The main focus of my research is differential geometry, in particular Nijenhuis geometry and its applications. I study Nijenhuis operators and related tensorial structures in neighborhoods of singular points. In particular, I classified almost non-degenerate Nijenhuis operators with simple singularities. My work lies in local differential geometry and relies on methods of tensorial and geometric analysis.
Currently, I work on integrable Hamiltonian systems, with a particular emphasis on the integrability of geodesic flows, the construction of first integrals and Killing tensors, and their relationship with Nijenhuis operators. I also study geodesically equivalent metrics in the pseudo-Riemannian setting and investigate the integrability of geodesic flows both locally and globally. In addition, I am interested in topological and differential-geometric obstructions to integrability, such as the existence or non-existence of specific geometric structures on manifolds. In particular, I classified all two-dimensional local coordinate systems admitting separation of variables and completely solved the Beltrami problem in dimension two.

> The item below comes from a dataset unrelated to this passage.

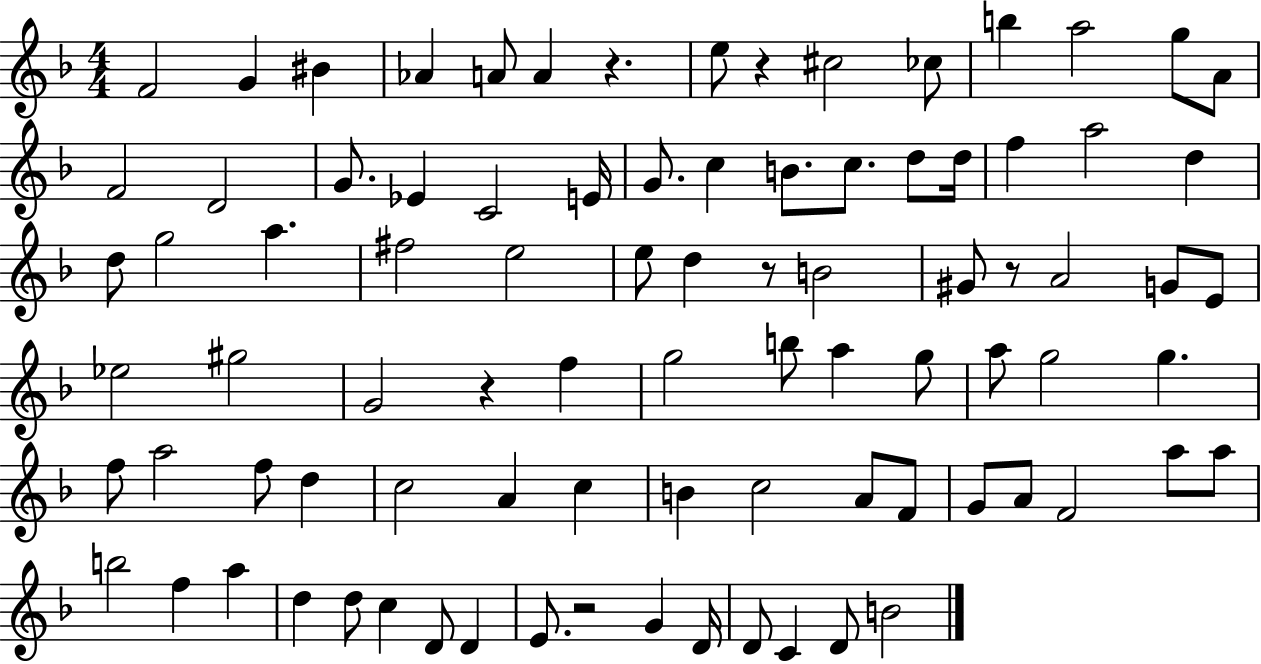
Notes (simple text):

F4/h G4/q BIS4/q Ab4/q A4/e A4/q R/q. E5/e R/q C#5/h CES5/e B5/q A5/h G5/e A4/e F4/h D4/h G4/e. Eb4/q C4/h E4/s G4/e. C5/q B4/e. C5/e. D5/e D5/s F5/q A5/h D5/q D5/e G5/h A5/q. F#5/h E5/h E5/e D5/q R/e B4/h G#4/e R/e A4/h G4/e E4/e Eb5/h G#5/h G4/h R/q F5/q G5/h B5/e A5/q G5/e A5/e G5/h G5/q. F5/e A5/h F5/e D5/q C5/h A4/q C5/q B4/q C5/h A4/e F4/e G4/e A4/e F4/h A5/e A5/e B5/h F5/q A5/q D5/q D5/e C5/q D4/e D4/q E4/e. R/h G4/q D4/s D4/e C4/q D4/e B4/h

In my undergraduate thesis, I proved a series of general theorems for Nijenhuis operators with differential singularities and constructed new examples. In my master’s thesis, I generalized these results to three-dimensional operators and subsequently to operators in arbitrary dimensions. I formulated a conjecture concerning the admissible singularities of almost non-degenerate Nijenhuis operators in two dimensions. The thesis also addressed several related problems, including the construction of regular conservation laws for certain gl-regular Nijenhuis operators and the classification of all geodesically compatible metrics in these cases. I derived a formula relating the determinant of a metric to the characteristic map of a geodesically compatible operator; in particular, this formula allows one to recover the classical Levi-Civita theorem.